REQUIRED ACTION.
You are asked to copy the entire listing exactly, apart from its pictures.

DATA BLOCK.
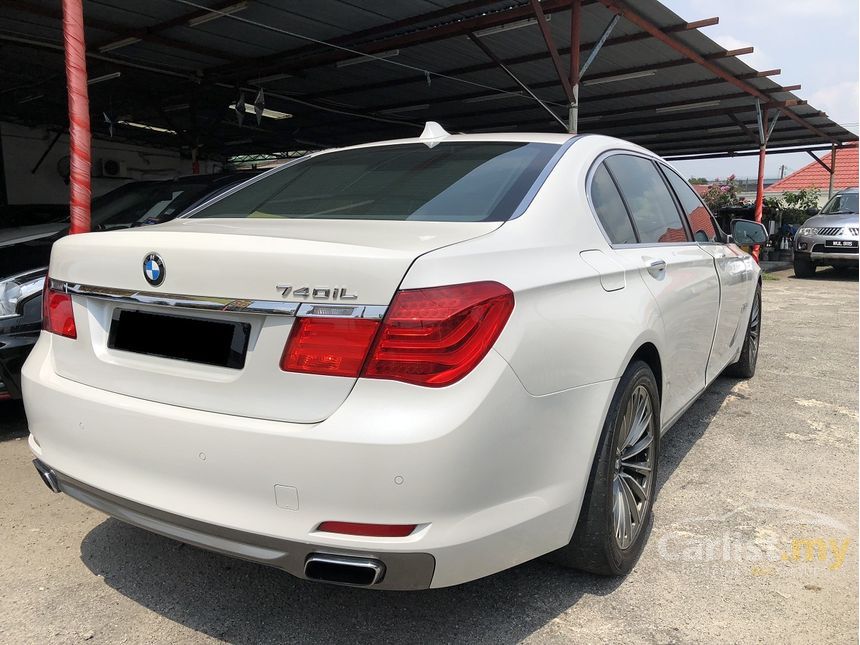 Bmw 740li 2010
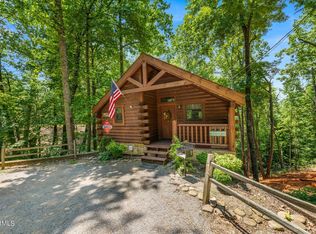 926 Ski View Ln, Sevierville, TN 37876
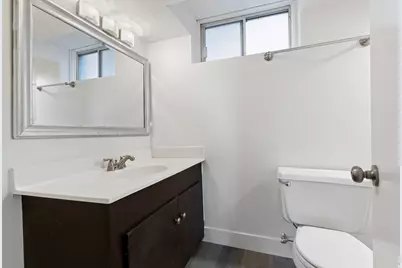 377 N 200 W, Salt Lake City, UT 84103 - Photo 22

SOLUTION.
 Bmw 740li 2010
 926 Ski View Ln, Sevierville, TN 37876
 377 N 200 W, Salt Lake City, UT 84103 - Photo 22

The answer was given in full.